These kinds of elliptic problems have been studied in great detail by many researchers. Depending on the concrete applications, the solution u(x) may represent different physical quantities such as the temperature, the hydraulic head or the electric potential at some certain point x, then D(x) stand for the thermal conductivity, the aquifer transmissivity, the electric conductivity, respectively, and f is the corresponding source.

The direct problem is usually well-posed, and used to find u by solving the partial differential equation given the coefficient D and the source term f. By contrast, practically, the boundary data, the diffusion coefficient, or the source term usually may not be given. And usually it is easier to measure the solution u at some points than to measure the coefficient D(x) directly. These lead to the inverse problems, which are utilized to estimate the unknown coefficient D on n given a measured data ug(x) of the solution.
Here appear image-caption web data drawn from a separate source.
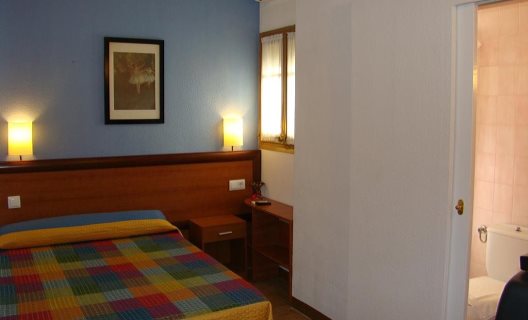 Hostal Platja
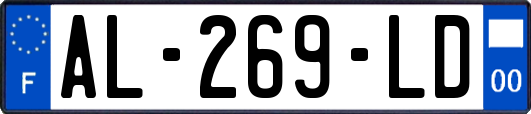 AL-269-LD
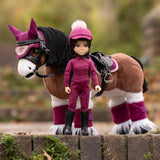 Tenue de cavalier LeMieux Toy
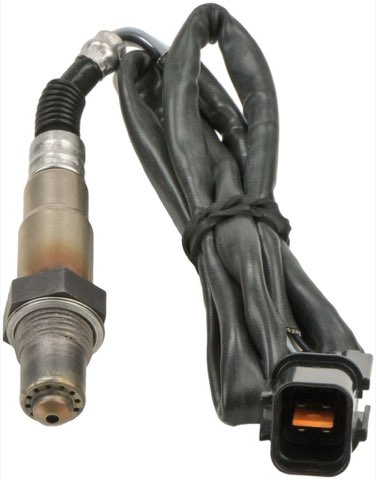 Bosch 0 258 986 651 Lambda Sensor, photo 3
In many applications, inverse problems can be nonlinear and ill-posed which makes them difficult to solve numerically. There are many existing methods to deal with this inverse problem. The most difficult issue in analyzing and solving the above inverse problem of recovering the parameter D(x) lies in their strong instability with respect to the errors in the measured data, i.e., small errors in the data may cause tremendous changes of the unknown parameter D(x).

On the one hand, in order to achieve a reasonable and practically acceptable numerical reconstruction of the parameter D, one may have to resort to some reg-ularization techniques to transform the unstable ill-posed parameter identification process into a stable mathematical process. Tikhonov regularization is one of the most frequently used and robust regularization techniques [4,5], which often leads to a stabilized nonlinear minimization problem, e.g. least-squares solutions, instead of solving the ill-posed problems directly, and then employs some suitable method for its solution. But the optimal solutions of the inverse problems are still hard to obtain because it depends on the regularization conditions. To overcome the drawbacks of the regularization methods, the conjugate gradient method is chosen as a practical and powerful iterative technique for solving ill-posed problems. Moreover, the conjugate gradient method is also known as an iterative regularization method, where the number of the iteration is taken as the regularization parameter. And it has been successfully applied to various inverse problems [6-8].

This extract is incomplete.